**Problem statement**.
Return only the final portion of the entries: the line with "epa12332952 Ousted Thai" and every line after it, each one exact.

**Material for this exercise**.
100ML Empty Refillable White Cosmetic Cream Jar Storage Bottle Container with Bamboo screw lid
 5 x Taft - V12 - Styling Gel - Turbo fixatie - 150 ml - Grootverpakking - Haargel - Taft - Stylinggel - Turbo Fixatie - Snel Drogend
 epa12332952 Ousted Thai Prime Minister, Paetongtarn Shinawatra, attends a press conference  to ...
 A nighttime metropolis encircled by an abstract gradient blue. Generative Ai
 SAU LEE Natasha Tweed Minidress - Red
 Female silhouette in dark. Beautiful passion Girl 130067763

**Solution for this problem**.
 epa12332952 Ousted Thai Prime Minister, Paetongtarn Shinawatra, attends a press conference  to ...
 A nighttime metropolis encircled by an abstract gradient blue. Generative Ai
 SAU LEE Natasha Tweed Minidress - Red
 Female silhouette in dark. Beautiful passion Girl 130067763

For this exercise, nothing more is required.